É importante mencionar que, geralmente no início do ano letivo, os professores já criam expectativas positivas ou negativas sobre os alunos, os quais acabam sendo influenciados no seu desempenho escolar e, em especial, os educandos com uma trajetória de insucesso escolar. Seguindo essa linha de raciocínio, uma pesquisa realizada no Estado do Paraná sobre o “Projeto Correção de Fluxo”, parte do Programa de Adequação Idade/Série, Rossato (2002, p. 93) evidenciou que os professores atribuem expressões e adjetivos aos alunos com um histórico de reprovação e evasão escolar com as seguintes denominações:

desinteressados, desligados, não gostam de estudar, brincam, não fazem nada, conversam demais, desrespeitam os professores e colegas, são inconscientes, desobedientes, não se esforçam, não querem nada com vida, não prestam atenção, têm preguiça.
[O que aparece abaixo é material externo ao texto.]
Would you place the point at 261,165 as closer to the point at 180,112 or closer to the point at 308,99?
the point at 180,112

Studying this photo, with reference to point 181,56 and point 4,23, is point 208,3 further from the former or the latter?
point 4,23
Esta situação lamentável demonstra que, embora os docentes não tenham a intenção premeditada de discriminar ou rotular esses alunos, o pensamento é alimentado inconscientemente pelos preconceitos existentes no seu contexto social, cultural e histórico. Nesse sentido, o educador é impulsionado muitas vezes a concretizar em gestos e atitudes práticas que reforçam a autoimagem negativa do aluno na prática docente. Sobre esse aspecto, as concepções dos docentes quanto ao imaginário do mau aluno em sala de aula são alimentadas da seguinte forma:

o mau aluno é todo aquele que, de um modo ou de outro, provoca incômodo na sala de aula, incômodo que se manifesta pela apatia de uns e rebeldia de outros, por uma lição não feita, uma resposta incorreta numa avaliação, um ar de deboche diante de uma explicação proferida pelo professor, pois atitudes que explicitam de forma concreta o desinteresse do aluno em relação aos conteúdos desenvolvidos em classe ( MANTOVANINI, 2001, p. 124).
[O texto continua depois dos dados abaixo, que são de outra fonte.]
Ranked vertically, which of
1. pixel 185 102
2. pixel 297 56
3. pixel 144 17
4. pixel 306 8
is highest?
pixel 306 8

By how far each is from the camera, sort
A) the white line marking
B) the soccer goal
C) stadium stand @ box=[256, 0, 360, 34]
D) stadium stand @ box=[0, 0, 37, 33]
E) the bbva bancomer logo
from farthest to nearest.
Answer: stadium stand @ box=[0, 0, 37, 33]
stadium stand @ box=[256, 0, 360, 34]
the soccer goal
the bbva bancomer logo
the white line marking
A esse respeito, Aquino (1996, p.22) explica que “a responsabilidade por tal estado, pois, não seria nem do professor nem do aluno, mas de algo que os antecede e ultrapassa: o contexto social na qual o trabalho escolar se insere”. Essa visão comprova que o comportamento docente é fruto do contexto social em que o profissional se encontra inserido, ou seja, o educador é influenciado por inúmeros fatores externos à formação de sua personalidade e da sua categoria profissional, o que evidencia claramente que não há neutralidade no trabalho pedagógico. Em relação a essa questão , vale ressaltar que a relação professor-aluno é:

uma relação que não é desvinculada de um contexto social e cultural e de um momento histórico. A prática educativa, viabilizada através da interação professor-aluno, transcende o espaço da sala de aula, constituindo-se, também, uma prática social. Por isto, é fundamental a todo professor ter uma clara visão de mundo, de sociedade e uma filosofia de educação explícita que lhe permitam reconhecer que seu compromisso com o educando não se restringe aos conteúdos escolares, mas que há também entre eles um compromisso político ( GRILLO apud AQUINO, 1996, p. 67).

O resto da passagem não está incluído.